Police want him for the murders of at least 120 people, including his own baby daughter, allegedly strangled so that her cries would not give him away. He is the last of a dying breed of outlaws which once included the internationally known "Bandit Queen", Phoolan Devi.

Veerappan's stature as India's "most wanted" man is more than matched by his hapless victim, one of the nation's most revered stars. Rajkumar, 72, is an icon of the Kannada-language cinema of Karnataka. In a career that has spanned nearly five decades and 220 films, he played all manner of characters - including Hindu gods, of course - that earned him the highest praise far beyond his native state.

The Tamil Nadu government is taking no chances. Police have been told to keep a low profile while an intermediary, R Raja Gopal, editor of a Tamil-language magazine, attempts to negotiate in the jungle. Mr Gopal has established contact with the bandit's men but has yet to meet their leader. Yesterday he was given a tape cassette on which a man, believed to be Veerappan, issued a short but "businesslike" list of demands, which have not been made public. An earlier tape had carried a plea from Rajkumar that the authorities should agree to Veerappan's wishes.

Here, then, is a compelling tale of two towering characters in which the boundaries between life and art appear to have blurred. But why would the unfailingly polite Veerappan, whose Robin Hood-like acts of generosity to impoverished villages have softened his ruthless image, risk it all by kidnapping Rajkumar? Few doubt that it is the latest of the increasingly desperate attempts by the 56-year-old bandit to hang up his muzzle-loading rifle.
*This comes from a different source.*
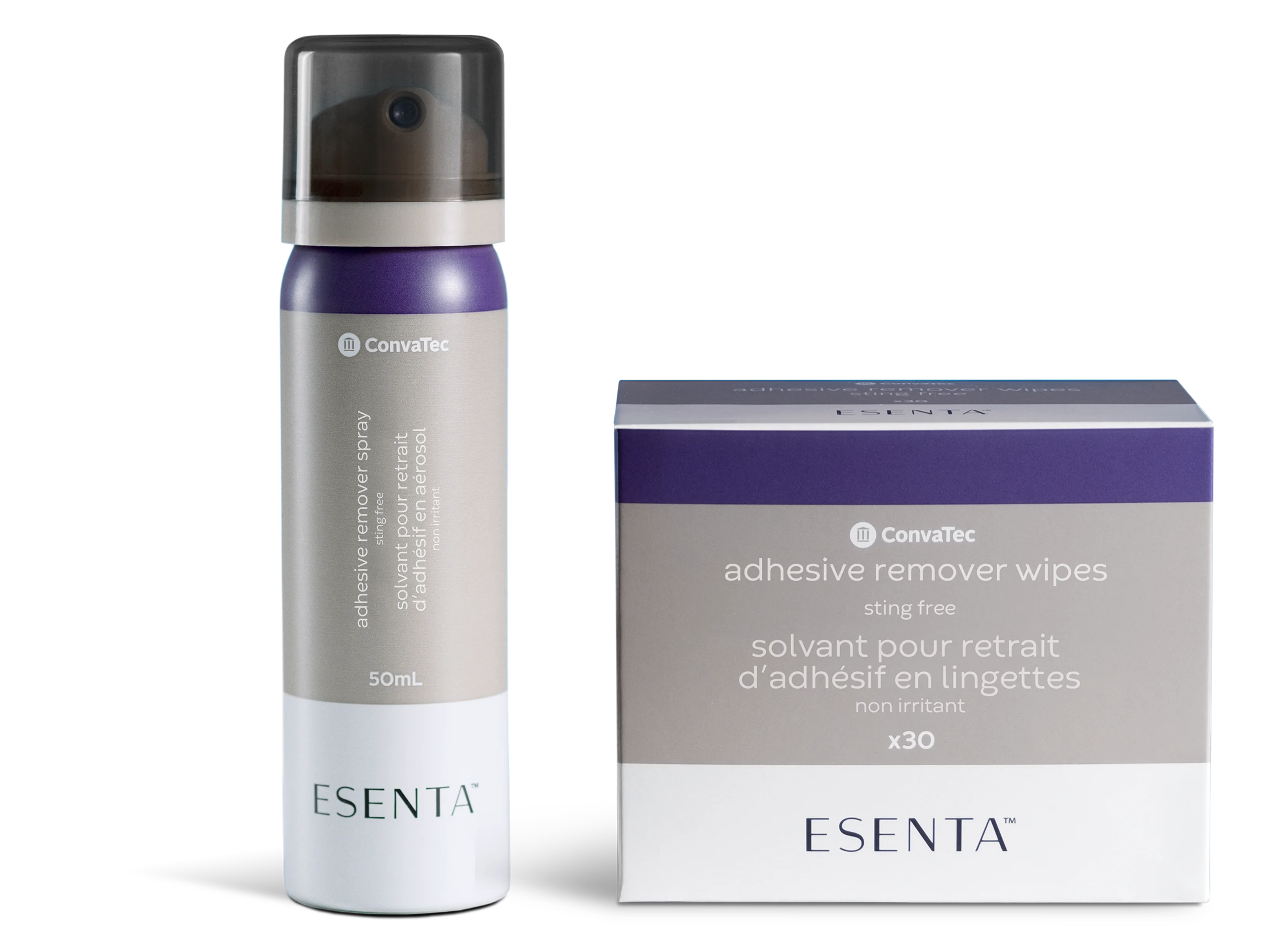 ESENTA® Sting-Free Adhesive Remover in Wipes and Spray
He has tried to surrender before. In 1996 and 1997 he seized groups of forest rangers in an effort to cut a deal with the authorities, but both times he released them unharmed after negotiations failed. Last time round he wanted to serve just two years in an open-air prison. Earlier he had demanded that his life story be filmed - with himself as director. Perhaps his fascination with films provided the idea for the latest drama.

Veerappan's health is no longer up to the rigours of jungle life. Once he was said to trek five or 10 miles a night in his flip-flops and olive-green fatigues to avoid capture. But asthma and stomach problems from years of drinking dirty water have slowed him. He seems to be looking for a way out of a life that began when he killed his first elephant as a teenager.
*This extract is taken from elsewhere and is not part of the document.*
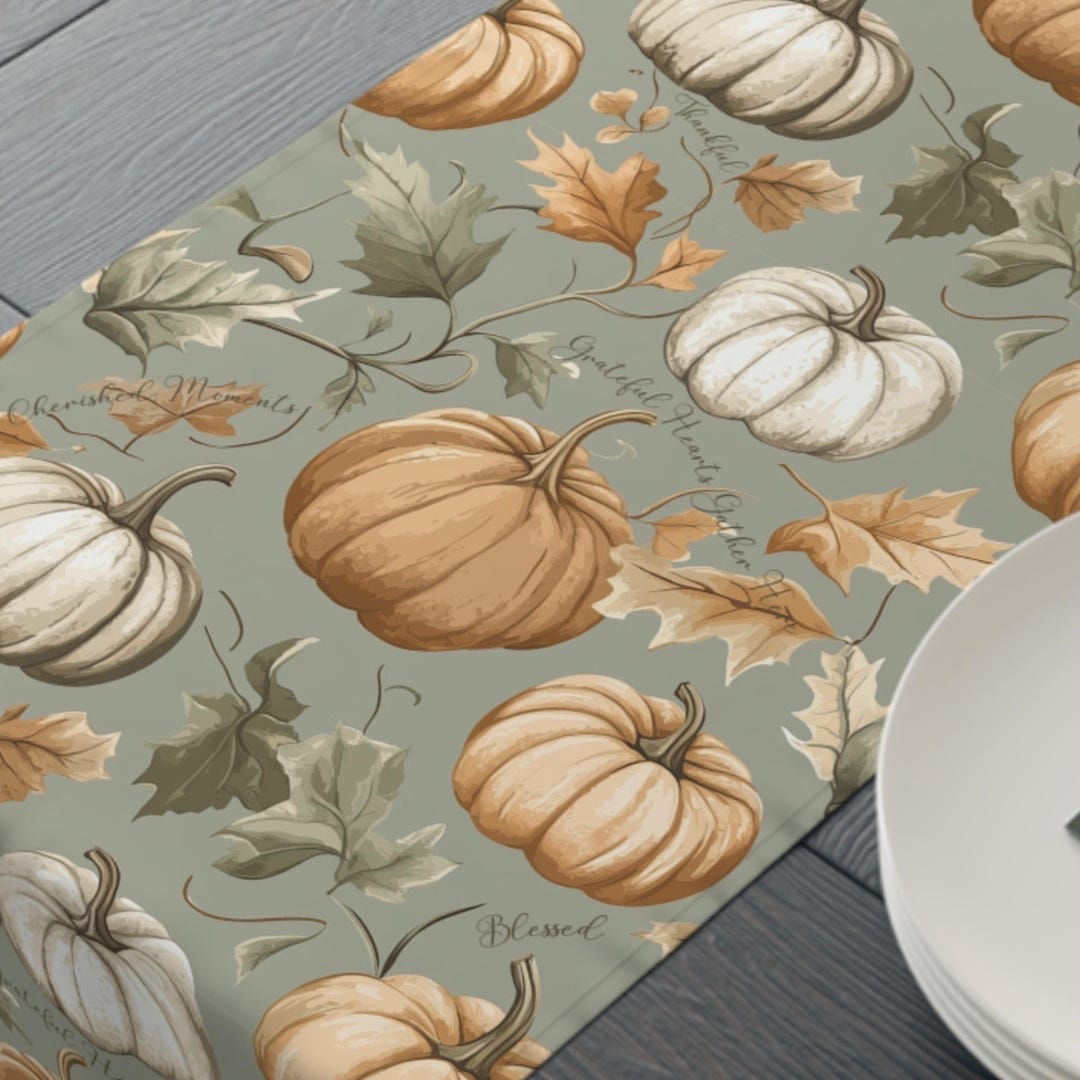 Thankful Table Runner Fall Decor Farmhouse Table Runner Decor ...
The tally of elephants slaughtered by his "forest brigands" stands at more than 2,000, but his focus switched to sandalwood smuggling when the ivory trade slumped in the mid-Eighties. Many police have died because of his junglecraft: he uses perfectly mimicked animal calls to signal his men. He was caught once, but grease on his wrists allowed him to slip his manacles and escape, murdering four guards in the process. His expanding smuggling empire led him into ever greater conflict with the authorities in Tamil Nadu and Karnataka. In 1990 they formed a 15,000-strong Special Task Force to track him down once and for all, but his intimate knowledge of the dense mountainous jungle was too good for them.

Among villagers he is viewed with a mixture of awe and fear. While he has given money from his smuggling exploits for Hindu temples, he has also killed those who might betray him, reportedly parading their heads on stakes as a warning to others. Fact has merged with fiction to create a Veerappan legend - while there are claims that he stands 10ft tall, he is in reality rather short: just 5ft 6ins. The seizure of Rajkumar will merely add to his myth.